═════ Listed records ═════

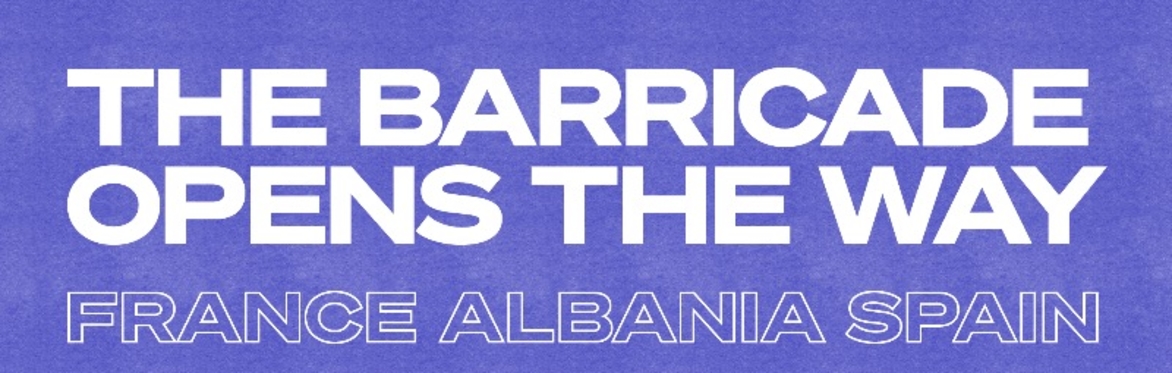 The Barricade Opens The Way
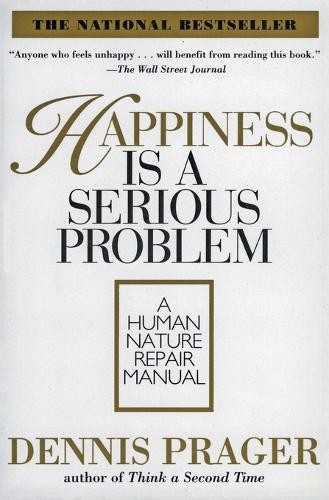 Dennis Prager Happiness Is A Serious Problem (Paperback)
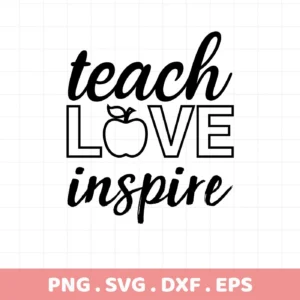 Black "Teach Love Inspire" quote with apple graphic. Teach Love Inspire SVG cut file for classroom decor.
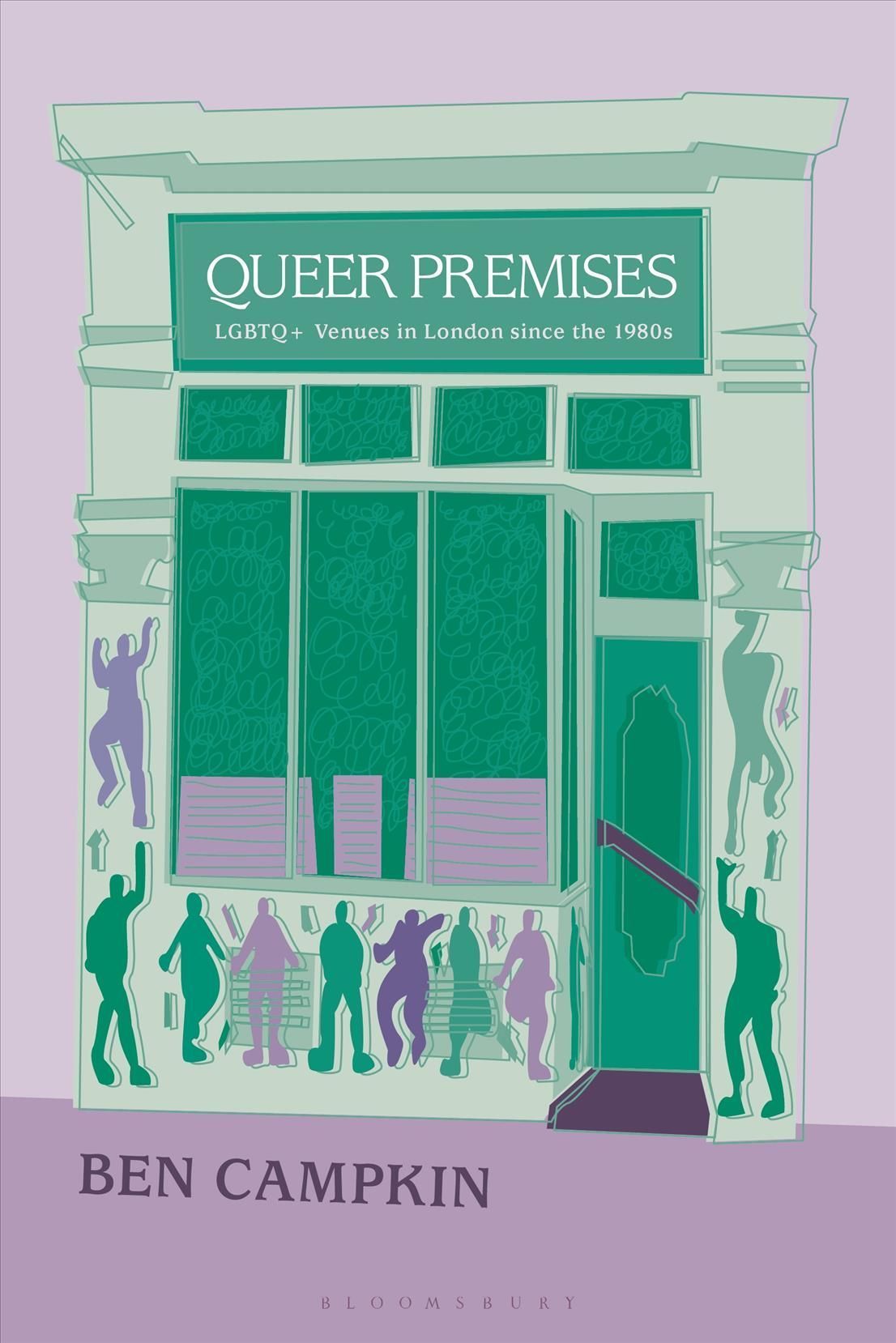 Queer Premises By Ben Campkin 9781350324855 (Paperback)
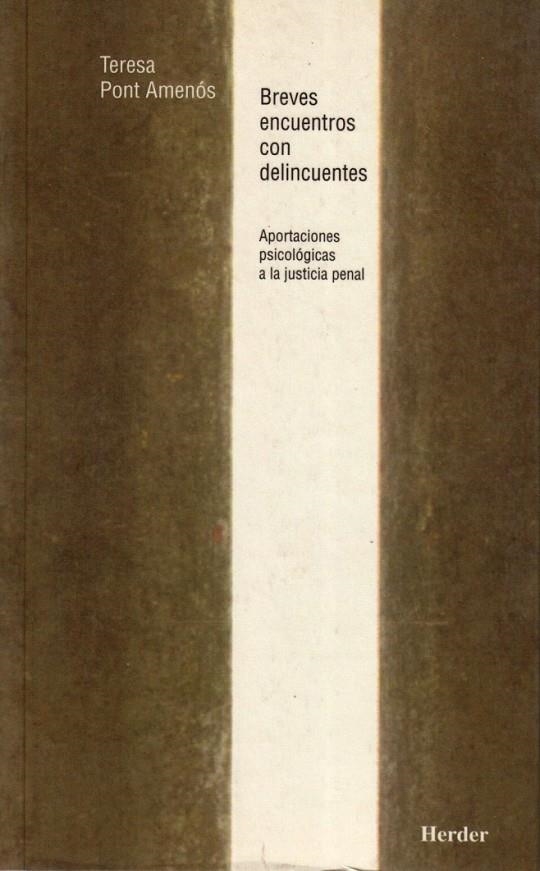 BREVES ENCUENTROS CON DELINCUENTES | 9788425420627 | TERESA, TERESA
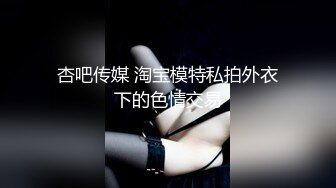 杏吧传媒 淘宝模特私拍外衣下的色情交易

═════

About this exercise: Excluding pictures, copy exactly the lines from the line containing "Dennis Prager Happiness" through the last line of the data, inclusive.

Answer space:
 Dennis Prager Happiness Is A Serious Problem (Paperback)
 Black "Teach Love Inspire" quote with apple graphic. Teach Love Inspire SVG cut file for classroom decor.
 Queer Premises By Ben Campkin 9781350324855 (Paperback)
 BREVES ENCUENTROS CON DELINCUENTES | 9788425420627 | TERESA, TERESA
 杏吧传媒 淘宝模特私拍外衣下的色情交易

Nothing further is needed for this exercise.